It was in April 1911 that a milliner (ladies hat designer) from Paarl named Abraham Lochner de Villiers married one of America’s wealthiest heiresses, namely Clara Hussey, granddaughter of the Pittsburgh physician turned copper smelter/cast steel shovel manufacturer, Curtis Grubb Hussey.
The engagement had come as a shock to everyone, firstly because of the distance involved: ‘What Mother dreads is my being always so far away,’ wrote Clara to Braam after accepting his long-distance proposal in June 1910. ‘Even England or California seem like next door compared with South Africa.’

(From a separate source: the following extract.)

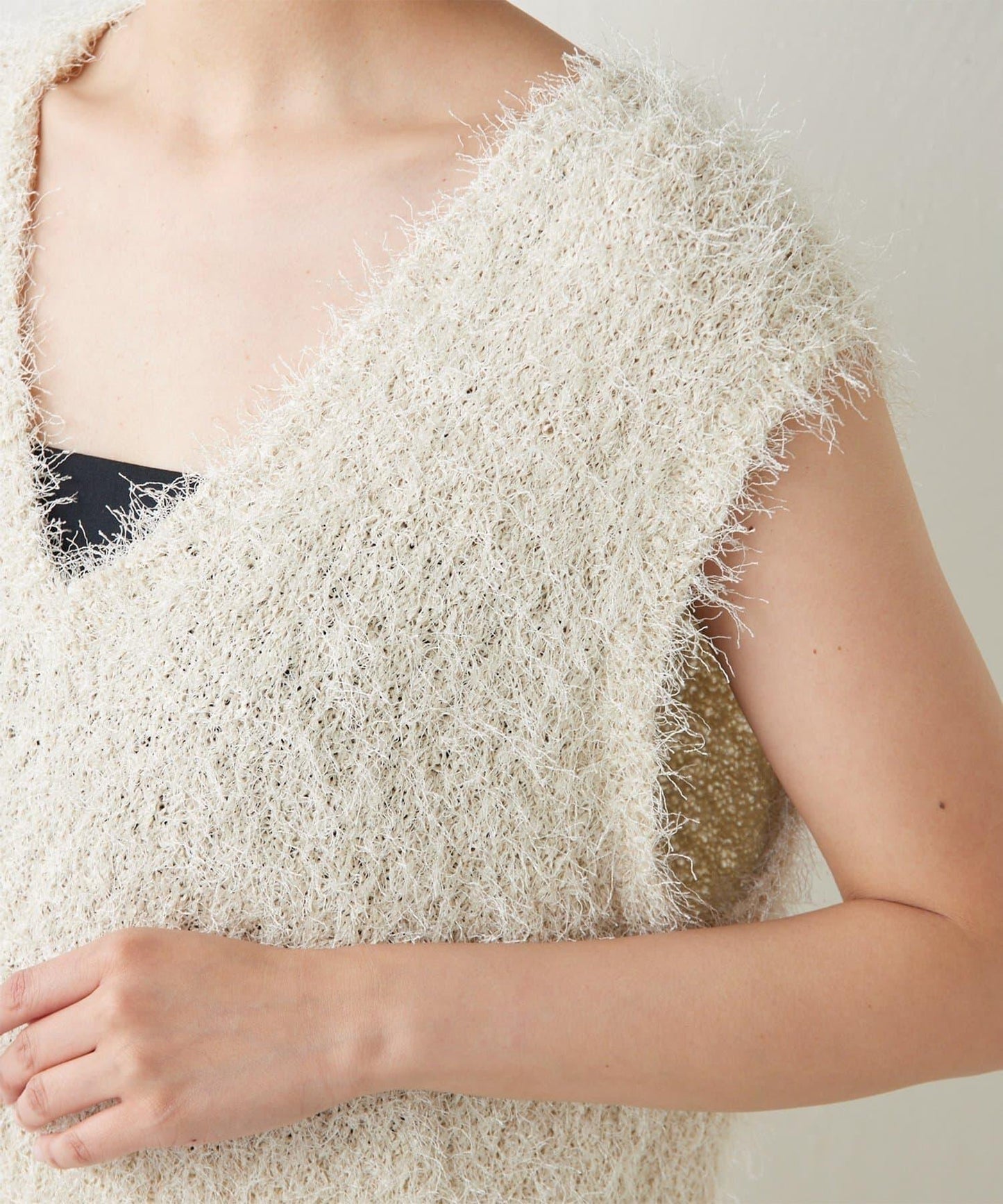 【大熱銷再次！】絨毛針織馬甲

What’s more, Braam and Clara were already in their 40s, giving society gossips a lot to talk about after then engagement was announced in September 1910 ‘Rich Spinster to be Wedded,’ wrote the Pittsburgh Public Ledger rather unflatteringly: ‘Miss Hussey is probably the richest spinster in Pittsburg. She is thought to be more than 50 years of age, and this is the first love affair she is ever known to have had. Little is known here of Mr De Villiers. Miss Hussey is said to have met him abroad.’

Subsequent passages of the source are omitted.